THE DATA
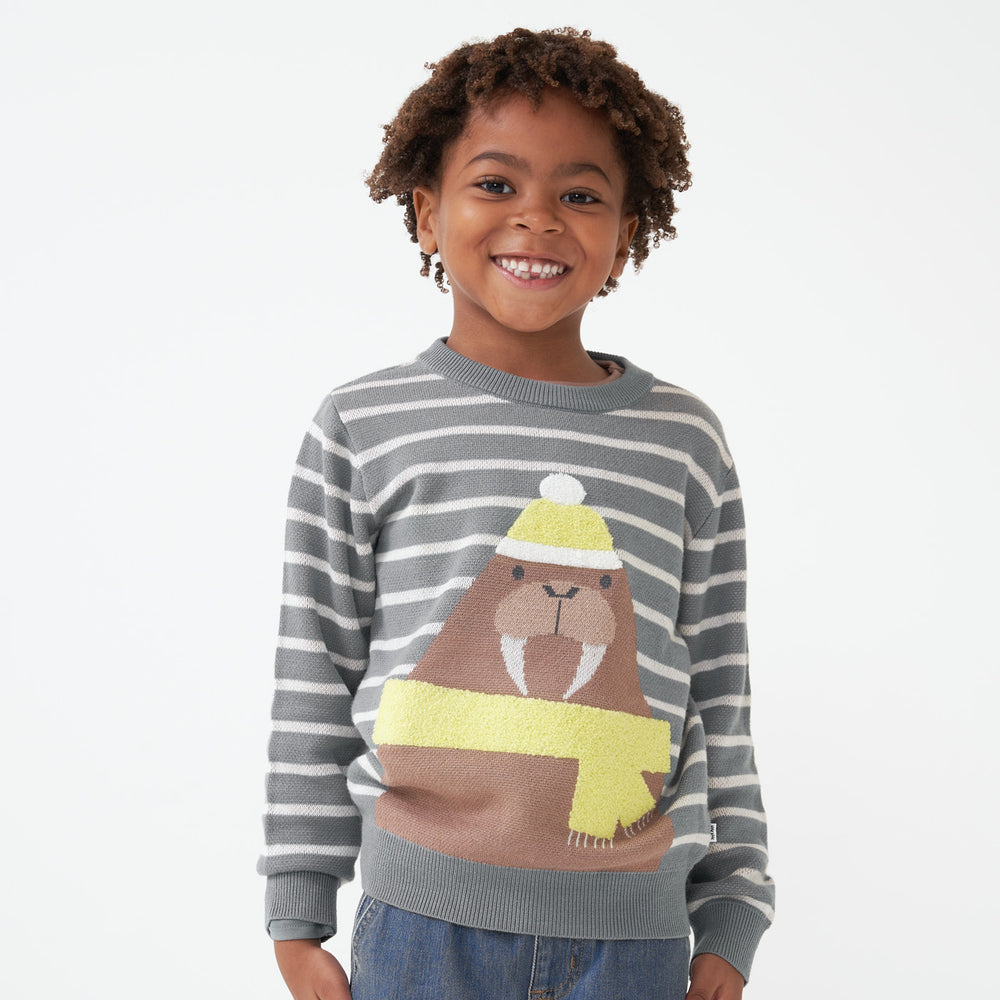 Child wearing a Walrus knit sweater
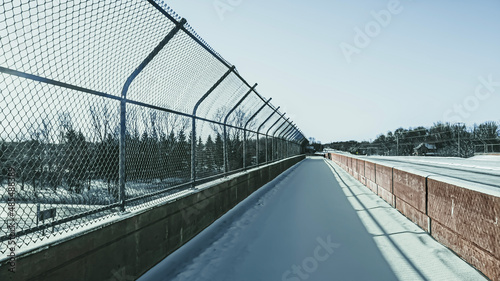 Fototapeta Naklejka Na Ścianę i Meble -  Sidewalk over the highway covered in snow with chain-link fence and concrete barricade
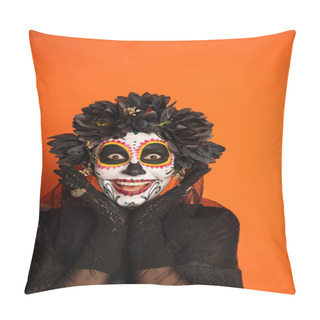 Personality  Excited Woman In Spooky Halloween Makeup And Black Wreath Holding Hands Near Face And Looking At Camera Isolated On Orange Pillow Covers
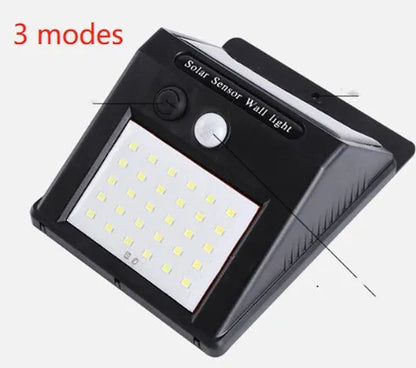Solar-powered outdoor garden lamp with motion sensor mounted on wooden post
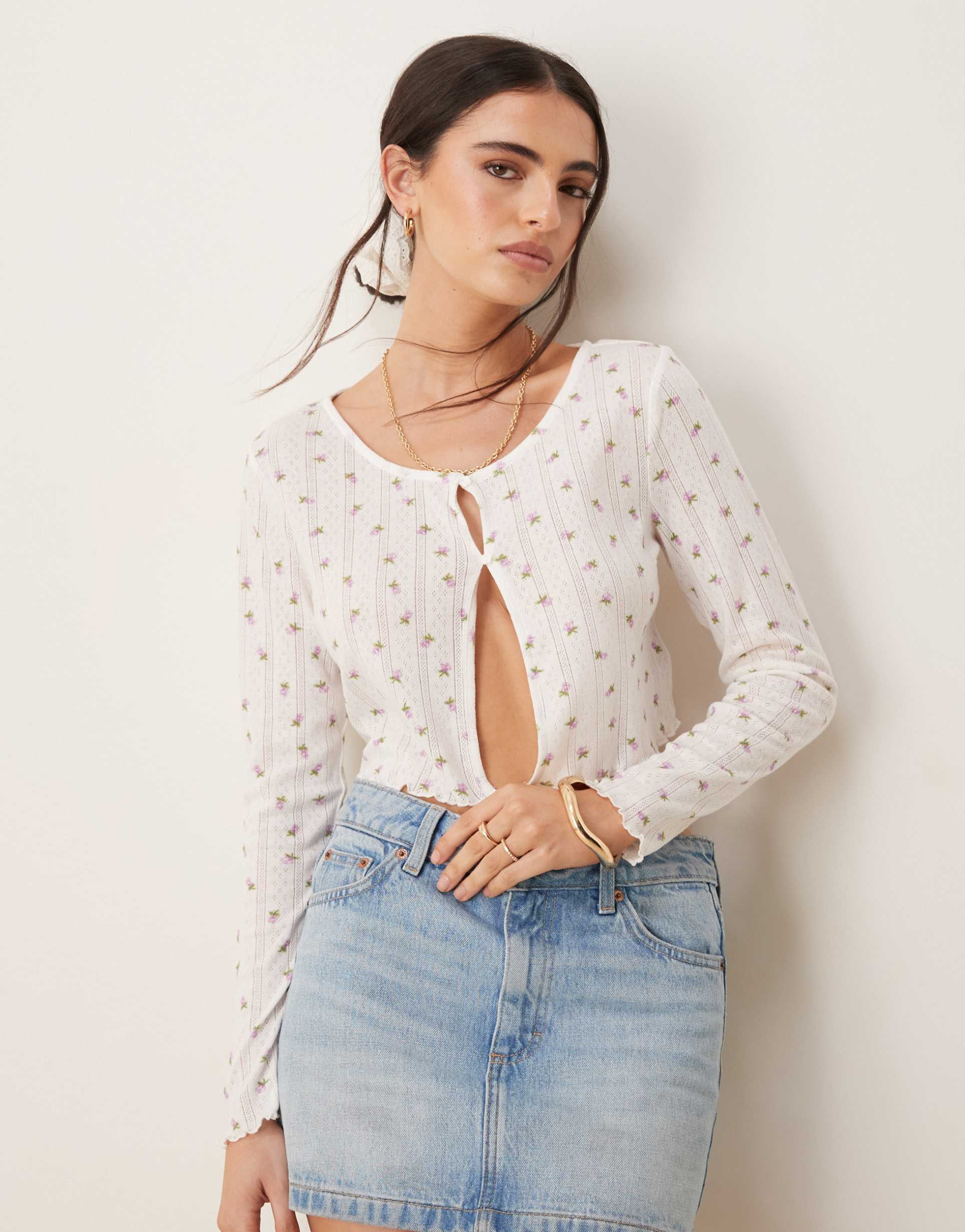 vila pointelle button front cardigan in pink delicate floral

ABOUT THIS TASK
Exclude the pictures and give back the rest of the data above exactly as written.

TASK SOLUTION
 Child wearing a Walrus knit sweater
 Fototapeta Naklejka Na Ścianę i Meble -  Sidewalk over the highway covered in snow with chain-link fence and concrete barricade
 Personality  Excited Woman In Spooky Halloween Makeup And Black Wreath Holding Hands Near Face And Looking At Camera Isolated On Orange Pillow Covers
Solar-powered outdoor garden lamp with motion sensor mounted on wooden post
 vila pointelle button front cardigan in pink delicate floral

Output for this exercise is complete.